For many Christians, our religious customs can have the same effect. Rather than acknowledge the imperfections in our lives, we cover them with our church attendance, good deeds, spiritual soundbites, and pious prayers.
It only stands to reason that when we choose to cover rather than confess our flaws, we are more prone to stand in judgment of those whose faults are there for the world to see.
In Psalm 51, David's raw and real psalm of confession, he shares the single greatest sacrifice we can give to God. It is not perfect church attendance. It is not righteous adherence to the law. It is not presenting to the world that we have our spiritual act together. What God desires most from us is a broken spirit. God despises pride and rejoices in remorse. He is blessed by our humble admission that we are deeply flawed, scarred by sin, and far from perfect.

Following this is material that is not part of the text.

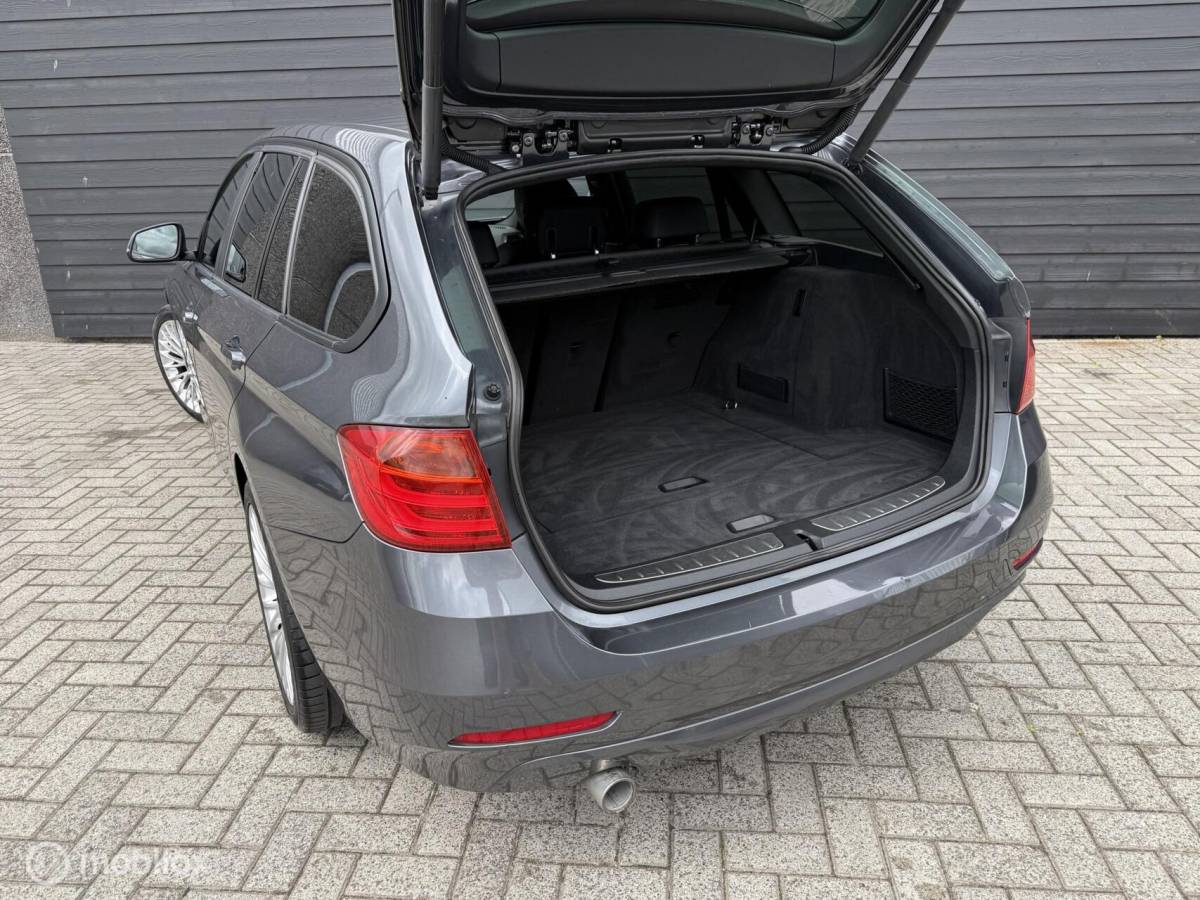 BMW 3 Serie BMW 3-serie Touring 318d High Executive Leder/Navi/Cruise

To put it bluntly, we Christians must stop pretending. We must stop masking our inadequacies by flaunting our faith. We must stop trying to project the image that we don't struggle with sin like those "unbelievers." Why do you think non-Christians rejoice when a believer falls?
Truth be known, unbelievers don't have as much of a problem with Christians who sin as they do with Christians who pretend they don't.

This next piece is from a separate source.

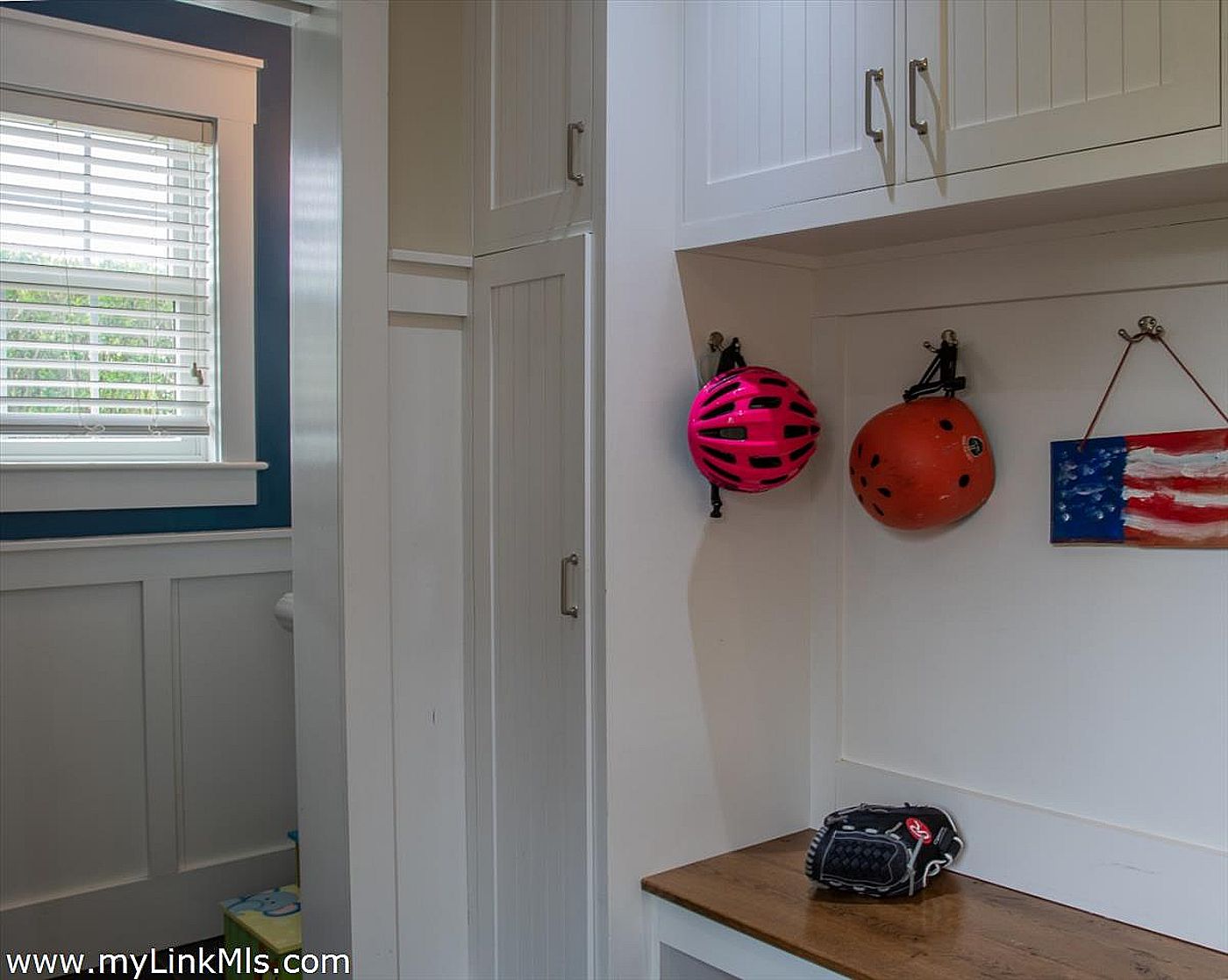 6 Kinikinnik Way Nantucket MA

God is not the least bit impressed with spirits that are strong, self-secure and saintly. He admires spirits that are hopelessly, helplessly, irretrievably broken. He wants His followers to exhibit contrite hearts; to confess our faults one to another; to openly own the fact that we are sinners who fall far short of His glory.
Why is it so important to God that our spirits be broken? Because:
(a.) we will never accept a Savior until we recognize how much we need one, and
(b.) we will never effectively relate God's truth to others if we are living a lie.